Below are records; please set down exactly the lines from the first through the one containing "Kale Kilit Süper".
- - - - - - -
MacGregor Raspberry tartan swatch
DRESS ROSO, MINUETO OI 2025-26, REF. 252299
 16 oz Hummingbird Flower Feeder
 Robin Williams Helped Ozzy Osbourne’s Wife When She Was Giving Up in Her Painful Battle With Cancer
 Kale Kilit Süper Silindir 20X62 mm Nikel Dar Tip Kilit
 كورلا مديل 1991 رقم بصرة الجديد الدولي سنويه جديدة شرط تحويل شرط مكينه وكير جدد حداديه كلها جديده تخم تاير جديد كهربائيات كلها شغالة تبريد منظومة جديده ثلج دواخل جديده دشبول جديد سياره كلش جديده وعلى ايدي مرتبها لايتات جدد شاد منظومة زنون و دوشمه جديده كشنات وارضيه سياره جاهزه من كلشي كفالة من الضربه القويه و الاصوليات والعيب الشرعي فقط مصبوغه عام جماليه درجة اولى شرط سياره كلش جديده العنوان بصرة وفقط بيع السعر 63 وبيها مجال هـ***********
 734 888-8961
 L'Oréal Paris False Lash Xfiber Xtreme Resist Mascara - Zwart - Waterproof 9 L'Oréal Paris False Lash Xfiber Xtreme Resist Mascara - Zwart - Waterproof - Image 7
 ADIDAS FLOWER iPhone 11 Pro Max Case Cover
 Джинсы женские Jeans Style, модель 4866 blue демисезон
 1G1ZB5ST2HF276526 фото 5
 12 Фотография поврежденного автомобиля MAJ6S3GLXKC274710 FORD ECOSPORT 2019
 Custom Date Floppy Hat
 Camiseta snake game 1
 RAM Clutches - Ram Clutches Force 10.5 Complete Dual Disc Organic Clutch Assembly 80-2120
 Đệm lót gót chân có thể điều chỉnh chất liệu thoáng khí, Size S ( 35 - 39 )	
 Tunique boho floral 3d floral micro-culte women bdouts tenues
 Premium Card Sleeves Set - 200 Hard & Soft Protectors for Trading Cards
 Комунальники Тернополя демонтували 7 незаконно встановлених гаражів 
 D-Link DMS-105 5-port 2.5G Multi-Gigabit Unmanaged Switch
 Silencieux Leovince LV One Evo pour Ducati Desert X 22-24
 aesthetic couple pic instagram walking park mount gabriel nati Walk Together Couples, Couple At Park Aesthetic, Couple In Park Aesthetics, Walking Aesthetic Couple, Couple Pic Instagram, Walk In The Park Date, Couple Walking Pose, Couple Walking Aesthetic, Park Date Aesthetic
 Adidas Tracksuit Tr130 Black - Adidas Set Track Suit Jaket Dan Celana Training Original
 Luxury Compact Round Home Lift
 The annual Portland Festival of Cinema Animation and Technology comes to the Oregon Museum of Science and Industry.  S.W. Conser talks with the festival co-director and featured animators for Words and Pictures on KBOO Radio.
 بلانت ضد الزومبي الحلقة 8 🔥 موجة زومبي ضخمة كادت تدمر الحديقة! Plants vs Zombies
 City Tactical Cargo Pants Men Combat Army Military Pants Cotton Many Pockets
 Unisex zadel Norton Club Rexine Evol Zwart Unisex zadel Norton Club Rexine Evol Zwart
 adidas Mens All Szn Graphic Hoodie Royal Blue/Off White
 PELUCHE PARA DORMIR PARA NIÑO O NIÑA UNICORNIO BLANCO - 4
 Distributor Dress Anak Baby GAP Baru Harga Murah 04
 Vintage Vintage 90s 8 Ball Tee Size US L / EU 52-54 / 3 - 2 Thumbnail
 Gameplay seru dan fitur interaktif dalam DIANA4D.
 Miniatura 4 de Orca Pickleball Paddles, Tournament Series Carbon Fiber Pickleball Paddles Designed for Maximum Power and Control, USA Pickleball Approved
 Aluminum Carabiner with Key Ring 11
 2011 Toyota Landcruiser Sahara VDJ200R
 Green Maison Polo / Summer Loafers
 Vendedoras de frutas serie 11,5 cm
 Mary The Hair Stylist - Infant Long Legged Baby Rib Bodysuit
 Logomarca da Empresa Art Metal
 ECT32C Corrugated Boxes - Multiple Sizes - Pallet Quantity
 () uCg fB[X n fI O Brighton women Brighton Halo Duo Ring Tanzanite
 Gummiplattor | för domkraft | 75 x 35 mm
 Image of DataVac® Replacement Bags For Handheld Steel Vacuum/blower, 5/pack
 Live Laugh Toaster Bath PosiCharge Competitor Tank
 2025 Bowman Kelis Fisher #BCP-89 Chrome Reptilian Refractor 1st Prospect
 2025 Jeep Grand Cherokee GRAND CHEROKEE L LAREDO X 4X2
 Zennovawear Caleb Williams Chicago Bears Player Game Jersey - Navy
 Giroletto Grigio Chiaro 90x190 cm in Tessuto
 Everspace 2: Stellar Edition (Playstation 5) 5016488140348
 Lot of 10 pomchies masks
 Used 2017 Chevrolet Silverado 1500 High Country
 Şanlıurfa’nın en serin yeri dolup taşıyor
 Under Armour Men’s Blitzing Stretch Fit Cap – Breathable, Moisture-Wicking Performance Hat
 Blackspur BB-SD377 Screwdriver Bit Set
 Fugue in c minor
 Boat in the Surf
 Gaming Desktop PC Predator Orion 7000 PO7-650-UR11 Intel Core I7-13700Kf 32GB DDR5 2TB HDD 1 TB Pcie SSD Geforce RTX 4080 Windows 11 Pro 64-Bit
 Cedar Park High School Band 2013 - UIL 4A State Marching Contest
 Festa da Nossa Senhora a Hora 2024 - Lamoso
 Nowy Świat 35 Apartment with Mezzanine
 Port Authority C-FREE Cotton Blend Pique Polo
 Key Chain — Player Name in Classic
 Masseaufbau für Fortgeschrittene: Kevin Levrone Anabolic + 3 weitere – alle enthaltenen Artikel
- - - - - - -
▶ Answer space:
MacGregor Raspberry tartan swatch
DRESS ROSO, MINUETO OI 2025-26, REF. 252299
 16 oz Hummingbird Flower Feeder
 Robin Williams Helped Ozzy Osbourne’s Wife When She Was Giving Up in Her Painful Battle With Cancer
 Kale Kilit Süper Silindir 20X62 mm Nikel Dar Tip Kilit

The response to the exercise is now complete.